• [Records for processing]
---

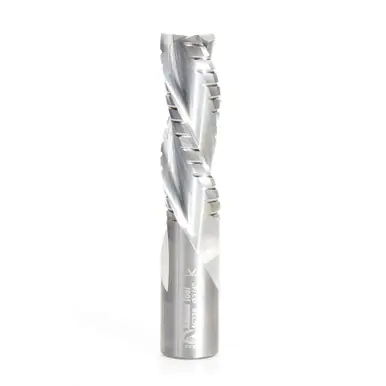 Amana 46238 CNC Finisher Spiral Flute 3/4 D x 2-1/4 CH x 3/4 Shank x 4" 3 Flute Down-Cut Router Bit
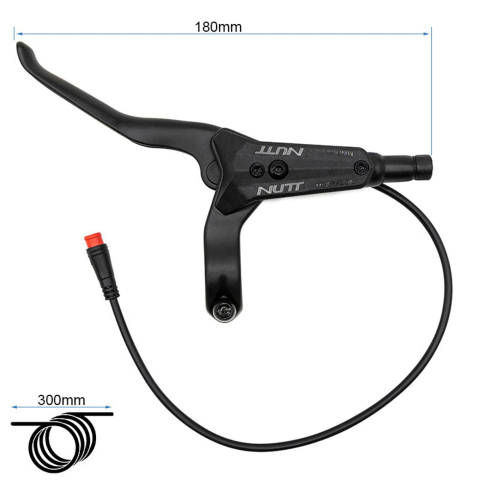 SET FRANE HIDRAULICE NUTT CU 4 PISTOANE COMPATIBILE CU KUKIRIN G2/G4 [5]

---

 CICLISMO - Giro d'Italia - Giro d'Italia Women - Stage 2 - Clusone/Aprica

---

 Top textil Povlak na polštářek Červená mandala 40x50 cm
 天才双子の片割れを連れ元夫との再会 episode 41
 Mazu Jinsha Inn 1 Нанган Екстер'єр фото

---

• [What you need to do] Would you please repeat only the lines above, beginning at the one that has "Amana 46238 CNC" and stopping after the one that has "SET FRANE HIDRAULICE", exactly and with no pictures?

• [Answer box]
 Amana 46238 CNC Finisher Spiral Flute 3/4 D x 2-1/4 CH x 3/4 Shank x 4" 3 Flute Down-Cut Router Bit
 SET FRANE HIDRAULICE NUTT CU 4 PISTOANE COMPATIBILE CU KUKIRIN G2/G4 [5]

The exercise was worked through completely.